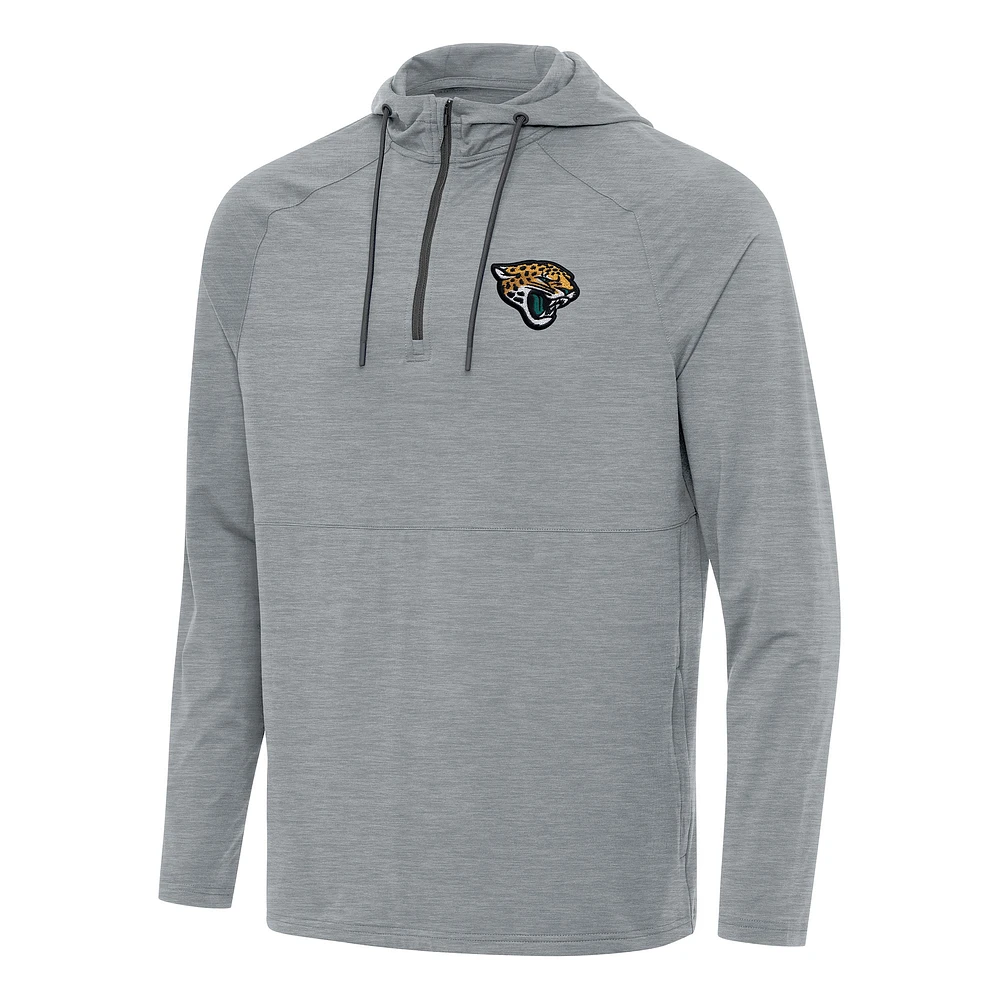 Men's Antigua Heather Gray Jacksonville Jaguars Spikes Quarter-Zip Pullover Hoodie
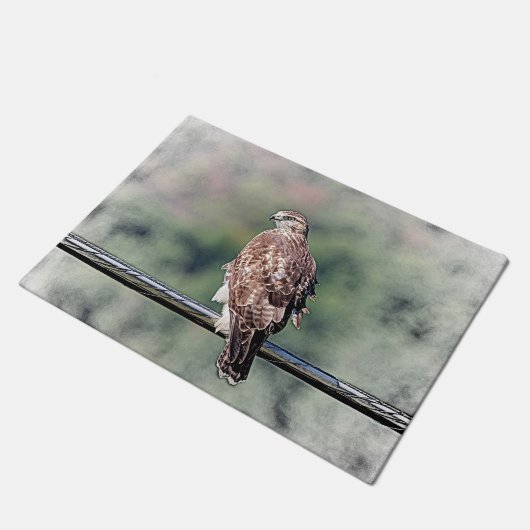 Onvolgroeide Rode Tailed Hawk Deurmat (Schuin)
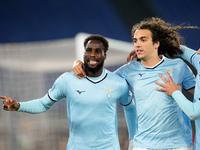 Boulaye Dia of SS Lazio celebrates after scoring first goal during the Serie A Enilive match between SS Lazio and Cagliari Calcio at Stadio...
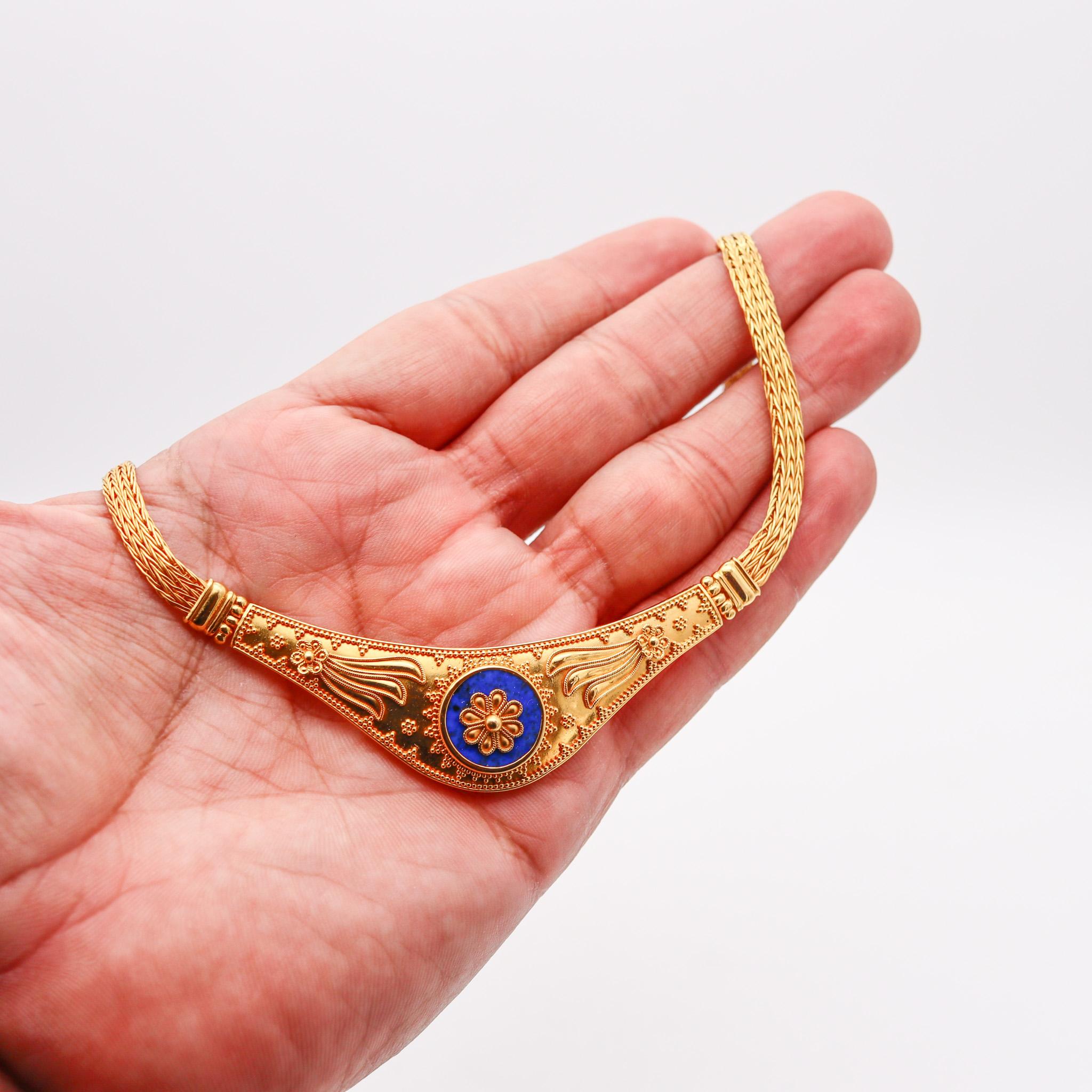 Greek Revival Hellenistic Necklace In Solid 22Kt Yellow Gold With Lapis Lazuli For Sale 3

INSTRUCTIONS FOR THE TASK: The whole listing should be reproduced exactly. Images don't go in.

RESULT OF THE TASK:
 Men's Antigua Heather Gray Jacksonville Jaguars Spikes Quarter-Zip Pullover Hoodie
 Onvolgroeide Rode Tailed Hawk Deurmat (Schuin)
 Boulaye Dia of SS Lazio celebrates after scoring first goal during the Serie A Enilive match between SS Lazio and Cagliari Calcio at Stadio...
 Greek Revival Hellenistic Necklace In Solid 22Kt Yellow Gold With Lapis Lazuli For Sale 3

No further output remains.